4.7. Transepithelial Resistance (TER)

Millicell-ERS ohmmeter with electrodes (Millipore) was used to measure TER (alternating current applied between the electrodes: ±20 μA and frequency: 12.5 Hz). The resistance of the monolayer multiplied by the effective surface area was used to obtain the electrical resistance of the monolayer (Ω cm²). Once stable resistances were obtained, different culture media (control, EVE 5 nM, EVE 100 nM, TGF-β 20 ng/mL) were tested. After the addition of test solutions, measurements were taken at 24 h.

4.8. Statistical Analysis

For transcriptomics statistical analyses were carried out by Genespring GX 11.0 software (Agilent Technologies). Gene probe sets were filtered based on the FDR method of Benjamini–Hochberg and fold-change. Only genes that were significantly (adjusted-p value < 0.05 and fold-change > 1.5) modulated were considered for further analysis.

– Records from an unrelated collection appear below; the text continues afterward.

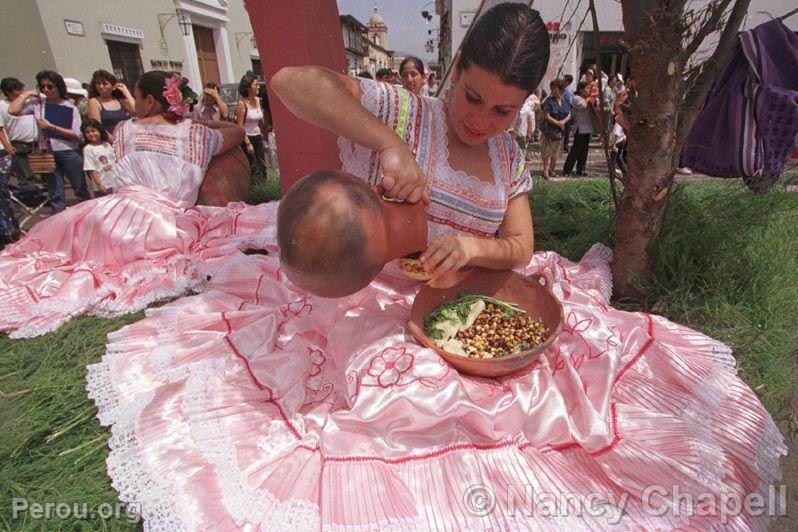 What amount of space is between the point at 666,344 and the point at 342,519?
5.43ft

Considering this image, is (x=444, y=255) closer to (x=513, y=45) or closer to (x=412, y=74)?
(x=513, y=45)

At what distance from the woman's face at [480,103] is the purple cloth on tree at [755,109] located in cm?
177

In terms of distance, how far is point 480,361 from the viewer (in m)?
1.81

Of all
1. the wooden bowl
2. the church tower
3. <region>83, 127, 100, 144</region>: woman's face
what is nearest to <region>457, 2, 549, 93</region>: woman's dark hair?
the wooden bowl

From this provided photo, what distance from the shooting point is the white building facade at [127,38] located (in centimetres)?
1211

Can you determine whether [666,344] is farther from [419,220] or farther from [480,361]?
[419,220]

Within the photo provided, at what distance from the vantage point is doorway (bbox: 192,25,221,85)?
775 inches

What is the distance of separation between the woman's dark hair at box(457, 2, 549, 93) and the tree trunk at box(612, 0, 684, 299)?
3.39 ft

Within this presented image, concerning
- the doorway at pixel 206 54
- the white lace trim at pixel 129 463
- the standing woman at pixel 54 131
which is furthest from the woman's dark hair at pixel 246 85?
the doorway at pixel 206 54

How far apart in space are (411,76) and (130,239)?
208 inches

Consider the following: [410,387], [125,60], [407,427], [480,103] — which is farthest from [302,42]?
[125,60]

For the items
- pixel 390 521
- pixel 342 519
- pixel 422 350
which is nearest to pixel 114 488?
pixel 342 519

In the miRNome analysis, after normalization (Quantile method), unpaired t-test (p-value cut-off: 0.05 and fold-change cut-off: 2.0, after Benjamini–Hochberg multiple testing correction) was employed to identify most differentially expressed probes.

For the statistical analysis of RT-PCR and western-blot, differences between control and treated cell were compared using Student’s t-test. A p-value < 0.05 was set as statistically significant.